** Data in this exercise follows **

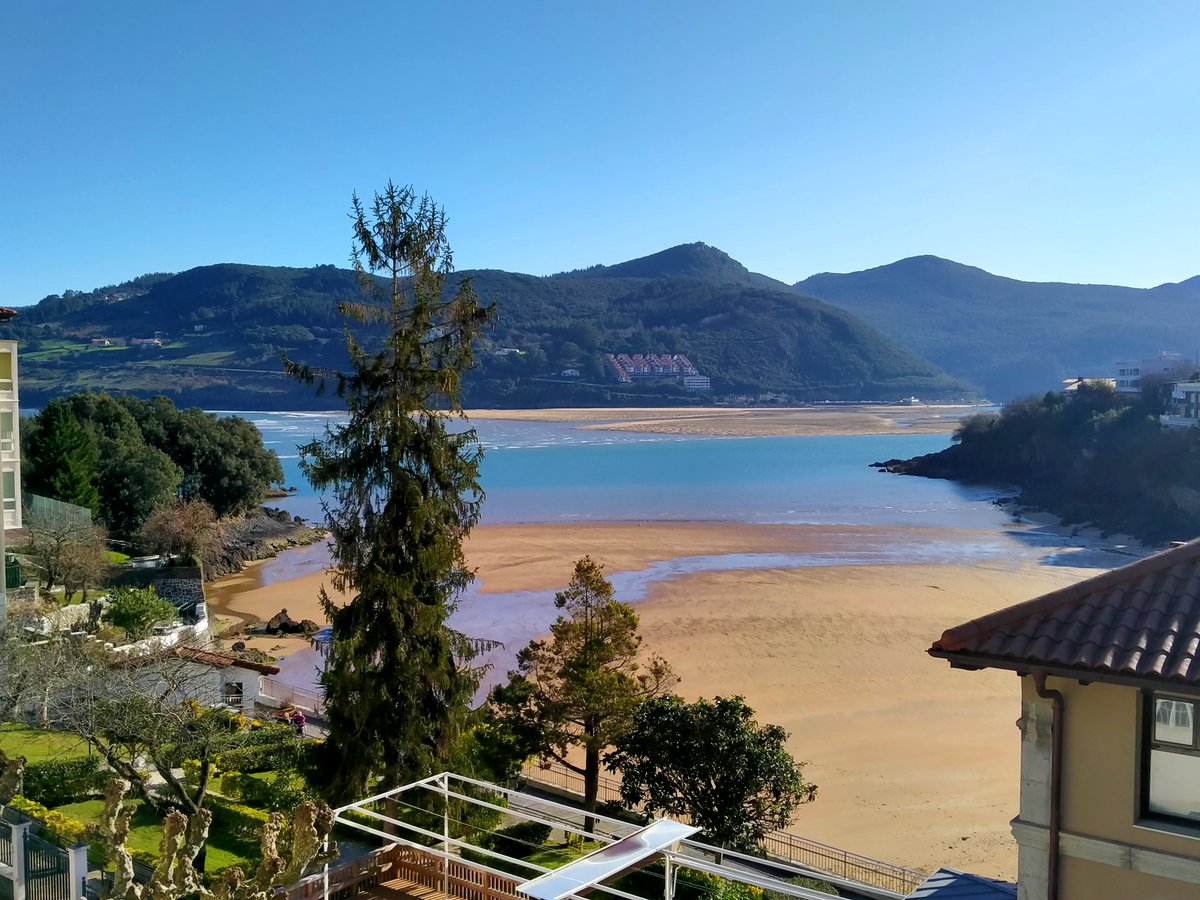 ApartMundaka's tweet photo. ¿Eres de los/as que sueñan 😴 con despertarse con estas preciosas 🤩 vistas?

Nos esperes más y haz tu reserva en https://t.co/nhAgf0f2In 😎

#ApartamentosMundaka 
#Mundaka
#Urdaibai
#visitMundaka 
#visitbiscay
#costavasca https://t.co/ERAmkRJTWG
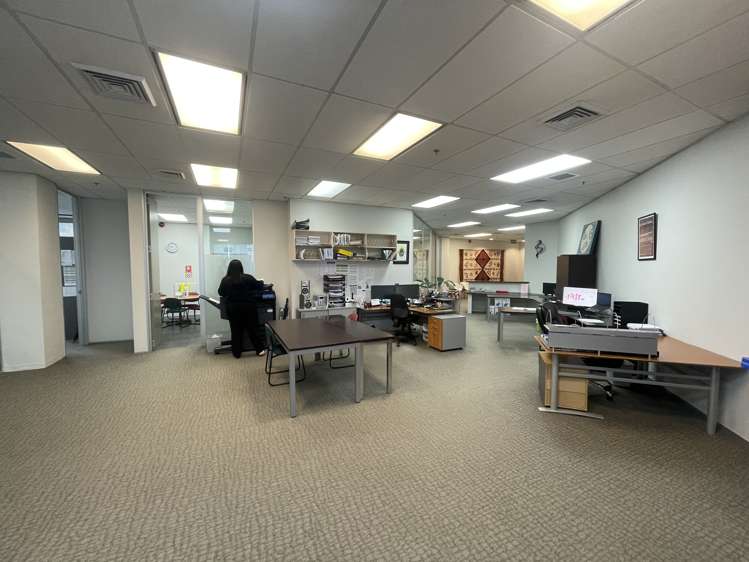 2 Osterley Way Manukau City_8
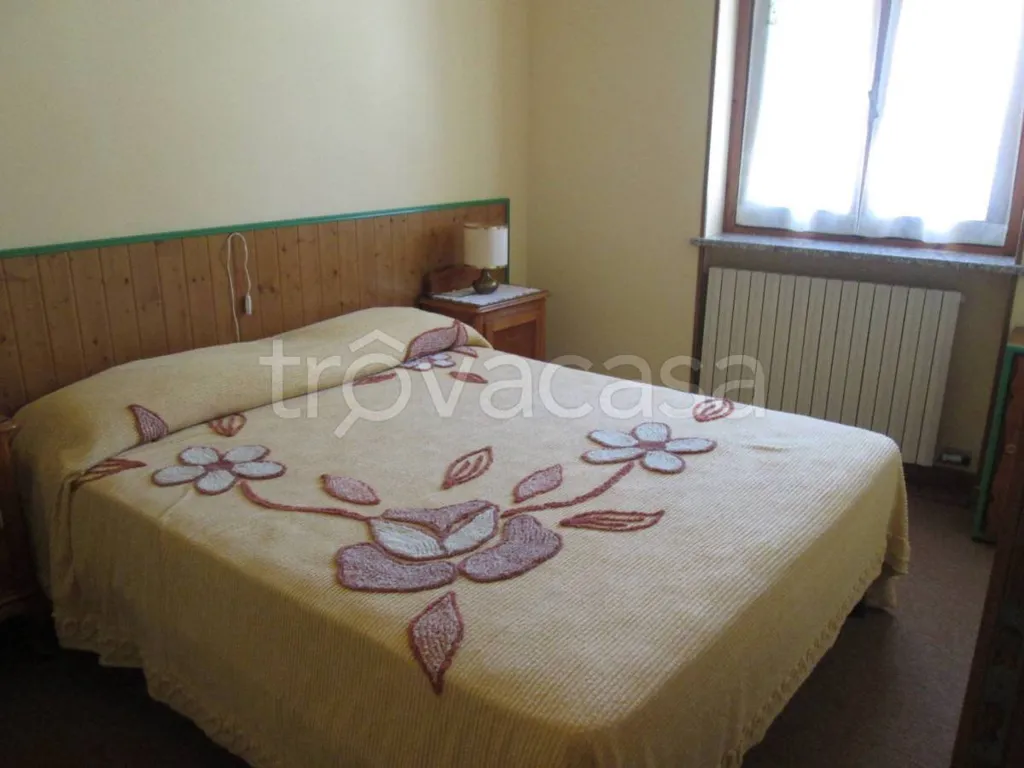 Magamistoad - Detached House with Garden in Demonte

** End of Data in this exercise **
** Data in this exercise follows **

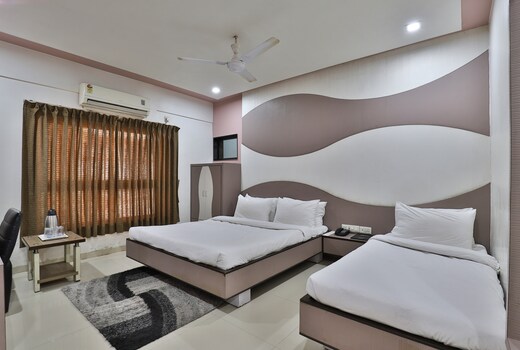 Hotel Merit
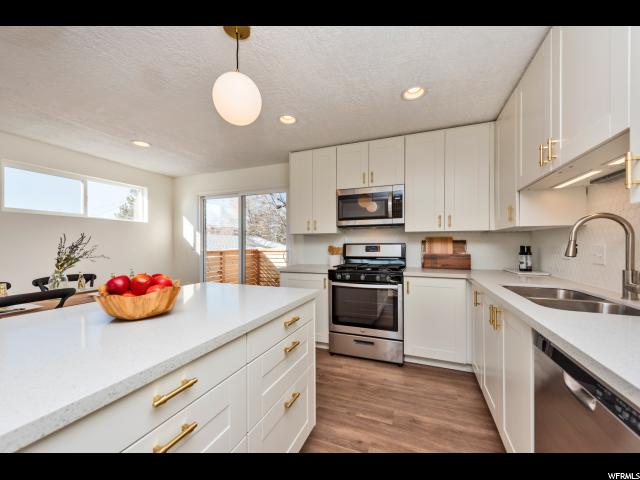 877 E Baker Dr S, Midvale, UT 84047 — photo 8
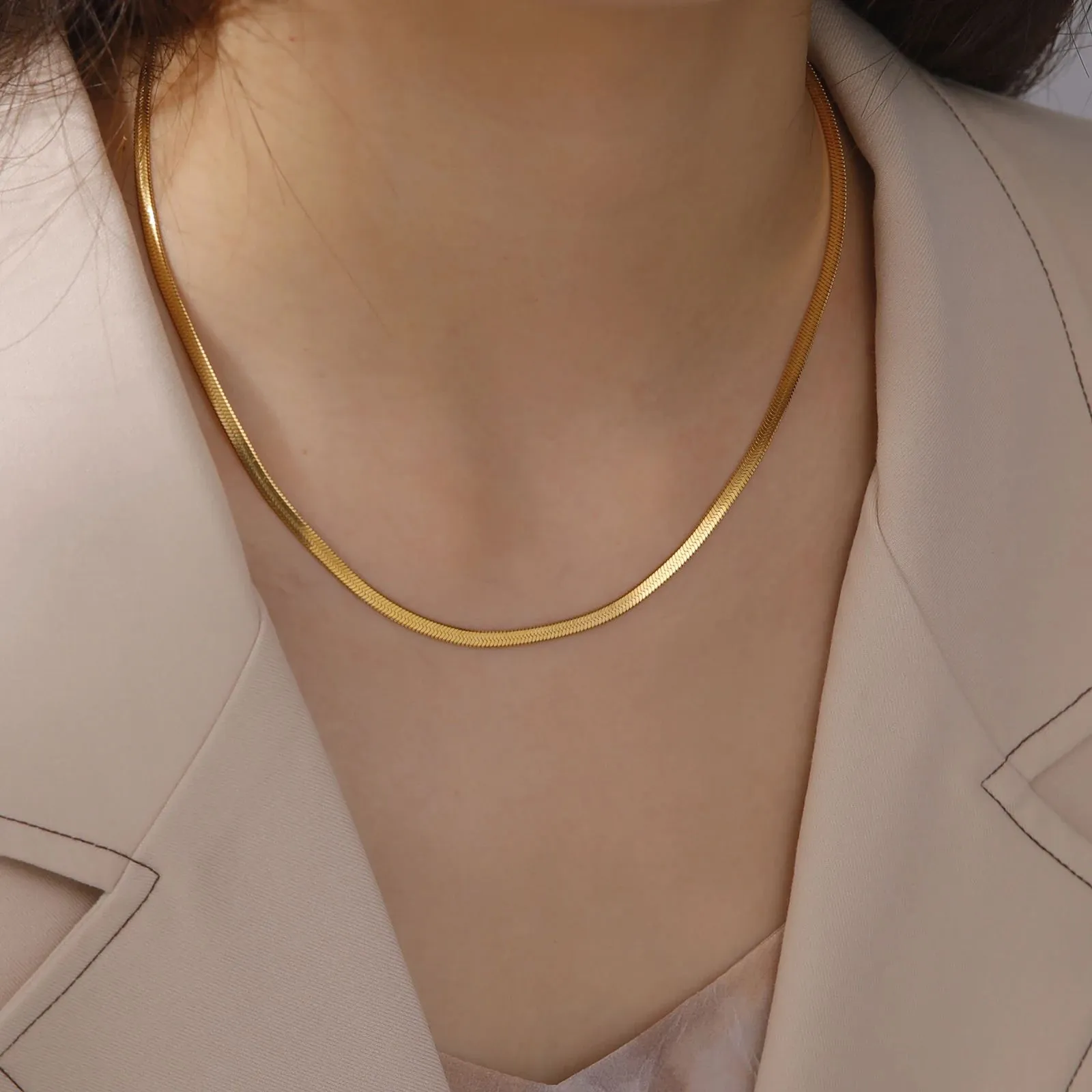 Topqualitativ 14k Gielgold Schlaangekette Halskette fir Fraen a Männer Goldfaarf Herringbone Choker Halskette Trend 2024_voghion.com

** End of Data in this exercise **
** Data in this exercise follows **

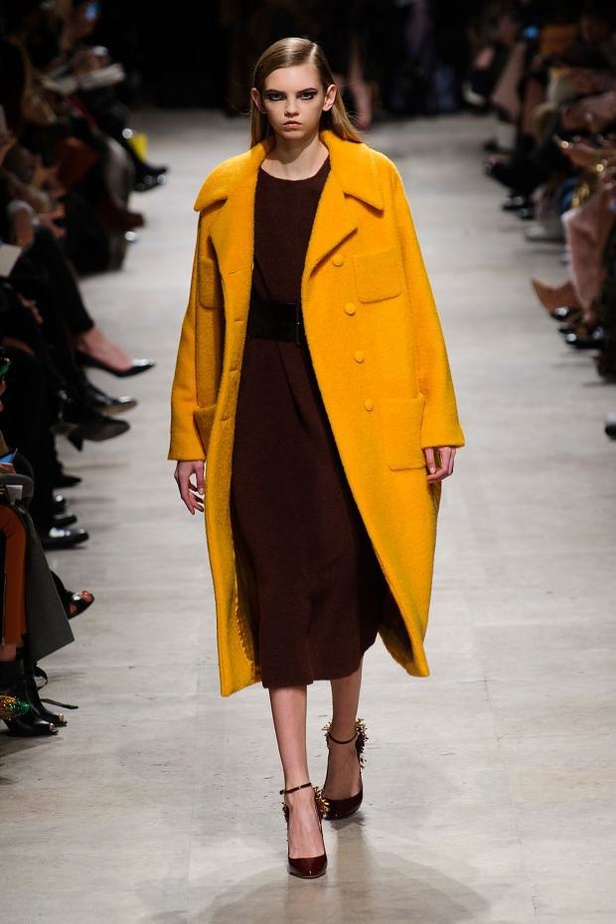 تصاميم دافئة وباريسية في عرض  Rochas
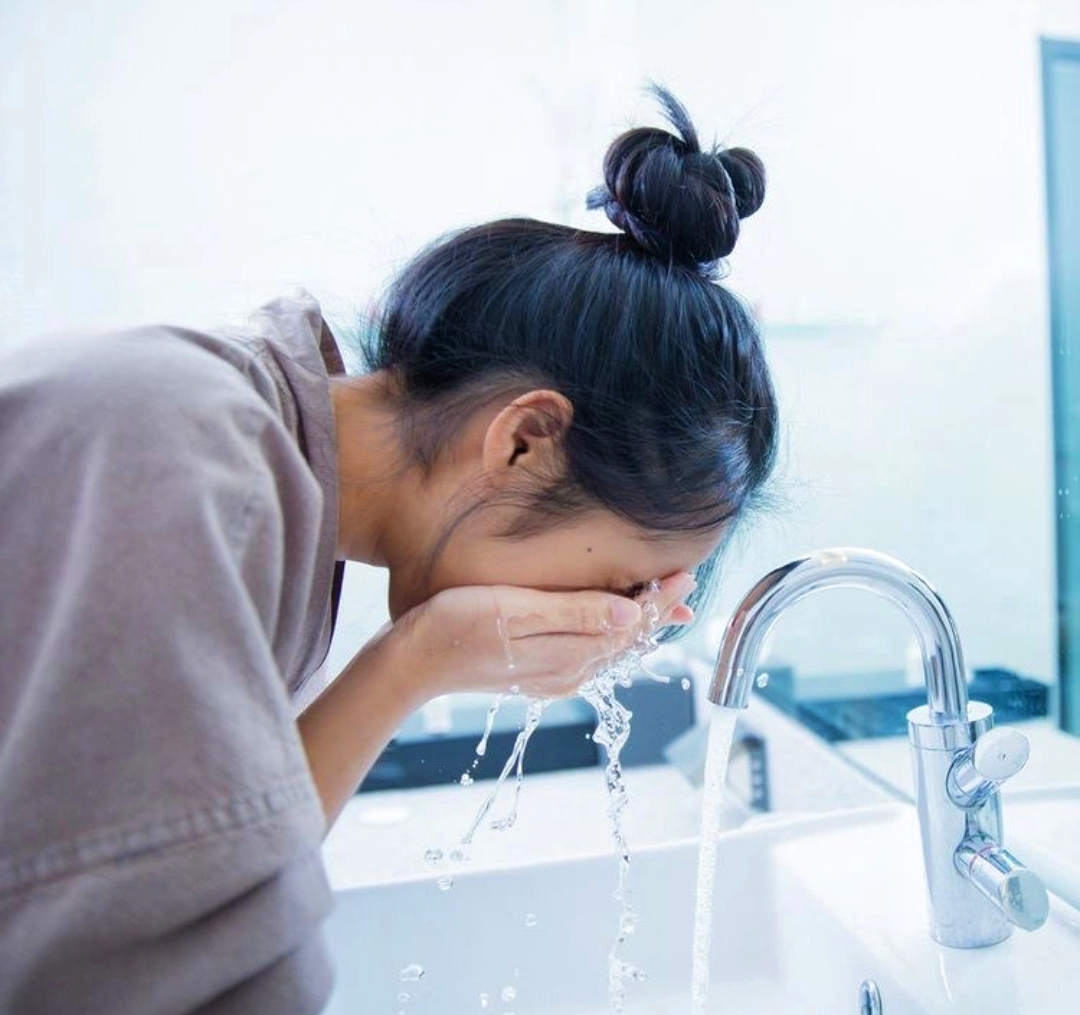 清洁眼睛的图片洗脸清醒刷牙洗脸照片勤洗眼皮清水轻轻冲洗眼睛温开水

** End of Data in this exercise **

» **Exercise prompt**: Filter the entries down to the lines with the word "https" in them.

» **Result**:
Nos esperes más y haz tu reserva en https://t.co/nhAgf0f2In 😎
#costavasca https://t.co/ERAmkRJTWG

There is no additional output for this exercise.